10. Siyasette ahlak. Siyasetçi en az güven veren konumunda. Yolsuzluk, malı götürme, yandaşa ihale onda. Siyasi ahlak yasası mutlaka çıkmalı, siyaset kirli olmamalı. Anayasanın 12. maddesi görev ve sorumluluk diyor. Ankara'da bomba patladı 102 çocuğumuz hayatını kaybetti, kimse sorumluluk almadı. Çalışmıyor bu madde, çünkü siyasette ahlak yerlerde sürükleniyor.

11. Güçlü bir sosyal devlet.
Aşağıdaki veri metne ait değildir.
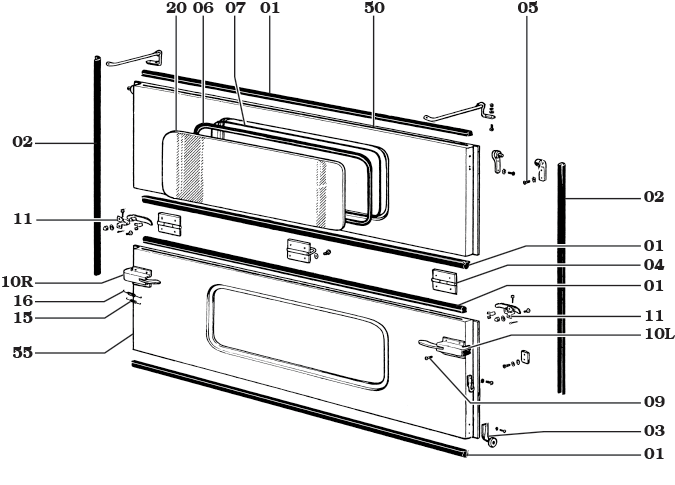 FJ40 Bi-Fold Lift-Up Door Assembly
Eğer Türkiye Cumhuriyeti güçlü bir sosyal devleti inşa edebilirse, gerçek anlamda demokrasiyi inşa etmiş oluruz, sosyal devlet çok önemlidir. Anayasa'nın 60. maddesinde herkes sosyal güvenlik hakkına sahiptir der. Lütuf değil, haktır. İşsizliği, yoksulluğu gidermek zorundasın. Vatandaş bu hakkının farkında değil. STK'lara, sendikalara iş düşüyor. Sosyal devlet üreten devlet demektir. İşsizliği, yoksulluğu ortadan kaldıran ülke demektir. Türkiye bilgi toplumunu yakalamak zorunda. 2002'de Türkiye nüfusunun yüzde 1'i tüm servetin yüzde 39'una sahipti. Bugün toplam servetin yüzde 54,3'üne sahip. Biz refah devletini güçlü kılmazsak, önemli adımlar atamamış oluruz.
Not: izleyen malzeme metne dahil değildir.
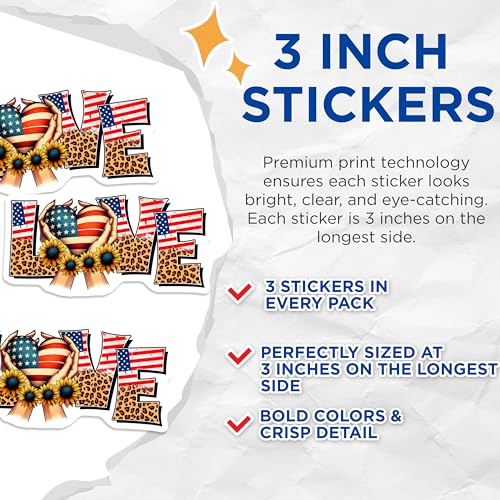 (3 Pack) Patriotic Love Decals - American Flag Sunflower - Laptop Decal - 3 Inches On Longest Side - Easy Peel & Apply - Made in USA - 3MCS8424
12. Doğa haklarına saygı. Bütün canlılara saygı gösteren bir siyasal anlayışı Türkiye'ye getirmek zorundayız. Anayasa'nın 56. maddesinde, herkes sağlıklı ve dengeli bir çevrede yaşama hakkına sahiptir diyor. Çevreyi geliştirmek, çevre sağlığını korumak ve çevre kirlenmesi önlemek devletin ve vatandaşın ödevidir diyor. Taksim'i düşünün. Cerattepe Artvin. Doğayı savunuyorlar.

13. Kanun önünde eşitlik. Bütün vatandaşlar kanun önünde eşittir. Anayasa madde 10: Herkes kanun önünde eşittir. Kadınlar ve erkekler eşit haklara sahiptir. Devlet bunun yaşama geçmede yükümlüdür. Hiçbir kişiye, aileye, zümreye veya sınıfa imtiyaz tanıyamaz diyor.
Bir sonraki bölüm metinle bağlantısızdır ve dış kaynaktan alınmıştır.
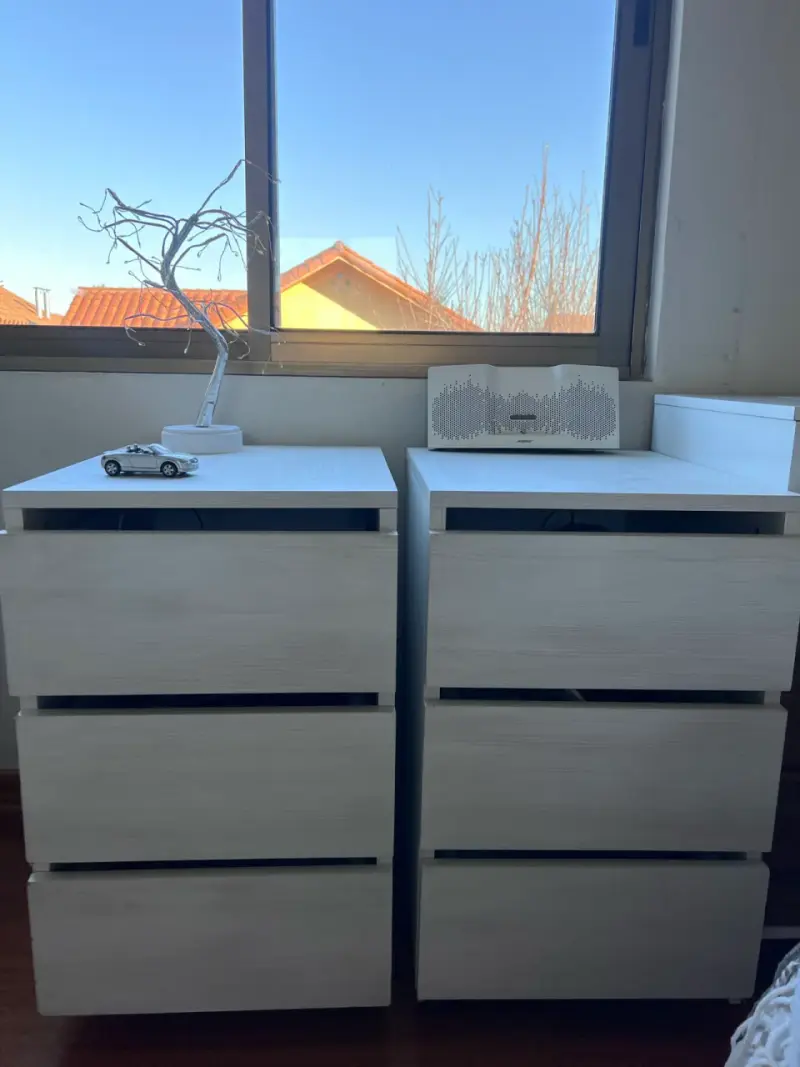 2 Cómodas de melamina Madera Blanca con 3 cajones - 2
14. Toplumsal barış. Biz Osmanlı'dan devraldığımız bir ülkeyiz. Dördüncü bir devrime hazırlanmak zorundayız. Bir arada özgürce yaşamalıyız. Barışımız dinamitlenmiş durumda. Kürt sorununun çözümü demokraside yatıyor. Adres TBMM'dir. Baştan söyledik, tuttuğunuz yol yanlış dedik. Baştan bizi dinleselerdi böyle bir sorun ortaya çıkmayacaktı. Ülkenin bir tarafı kan gölüne dönmüşse, huzur gelmez, bu en çok terör örgütünün işine gelir. Kan akıtmak teröre hizmettir. Herkesi kucaklamak zorundayız.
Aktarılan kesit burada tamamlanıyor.